"She refused to be bored, chiefly because she wasn't boring." Zelda Fitzgerald

Thursday, June 17, 2010

Tornado Alley


This is sort of how life feels a the moment at our house. One big, not terribly colorful, baby-in-the-picture-now blur. Kind of insane really. I have wayyy to many things to get done in one day and every single day ends lately with me panting madly and trying to find a way to shut of the manic "Concerns List" chattering in my head so that I can get to sleep.
  • Our landlord wants to bring a realtor through to evaluate our unit for listing and I am trying not to completely lose my mind over the impossibility that will be getting the place clean enough that I won't just die on the spot when they arrive. 
  • I am struggling just to get laundry washed and all the dishes cleaned, I still am not really "cooking" at all. (Its true...I am able to make jam but not dinner) My kind friends at MOPS are bringing in our evening meal every other night and we're eating leftovers for lunch and the alternate dinners and breakfast is something clever like....yogurt...or you know, yogurt.
  • I finally got the flannel sheets from the last cold spell off of Ru's bed today and I have not mailed even one thank you note. 

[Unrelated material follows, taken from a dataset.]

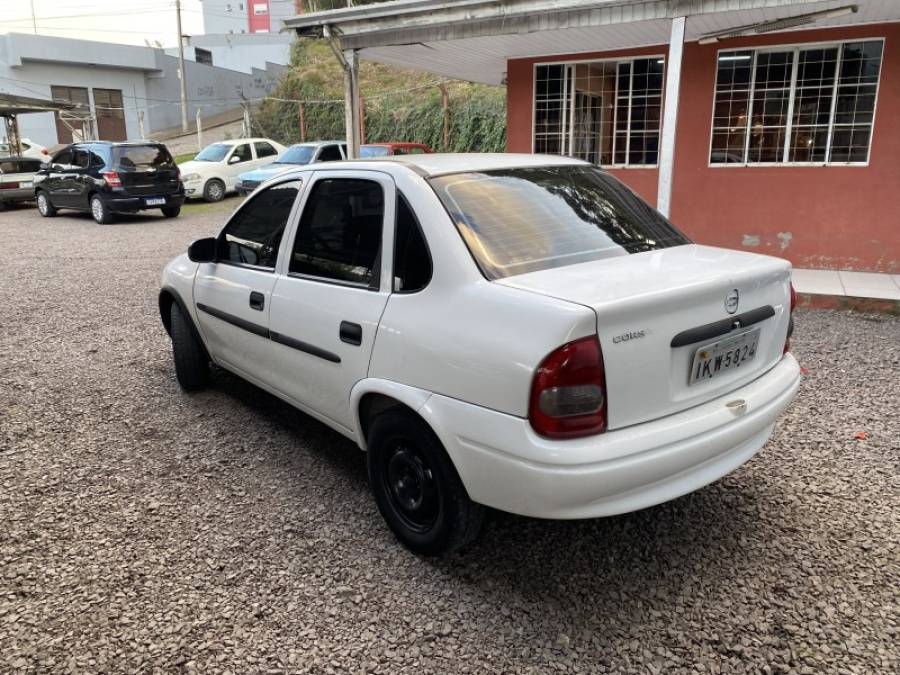 CHEVROLET - CORSA - 2002/2003 - Branca - R$ 17.900,00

  • I was really hoping this house deal would come together before our summer house guests but, it looks like it won't be happening and I'm wracking my brain about where we'll put them all.

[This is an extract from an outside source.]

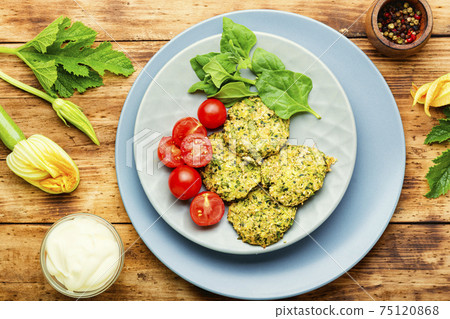 Vegetable zucchini cutlets Vegetable zucchini cutlets 75120868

  • New discipline issues are cropping up with the big brothers and I'm resorting to online problem solving research to come up with fresh ideas for confronting the problems.
  • The birth announcements are all printed up and gathering dust on top of the computer. Blast! Must mail somehow!
  • The van needs to have a taillight replaced and I can't figure out when I'll have time to get it into the shop.
  • I have tomato plants in teeny tiny little peat pots on my back stoop that need somewhere real to live and I'm vacillating daily about whether to put them in the ground or shell out the extra cash for big pots and potting soil on the off chance that we end up moving before they bear.
  • The baby has the worst case of baby acne on the planet. He looks truly frightening. I am so sick of explaining to people that he hasn't been bitten by lots of bugs or broken out in a terrifying heat rash or gotten some devastating sickness. And I was hoping to do his one month portraits soon but, he truly looks so awful that I don't want to remember it in pictures. I'm even considering taking him in to the pediatrician. Would they laugh me out of the room?
  • I am that horrible in between stage physically. I can't fit my normal clothes but, I refuse to wear a maternity wardrobe and I'm not past the six week window to the magical place where dieting is allowed. Blast. 
How to avoid drowning in self pity, panic or total dark pessimism? Its really not that bad, right? Tell me this is somehow all petty or all in my head.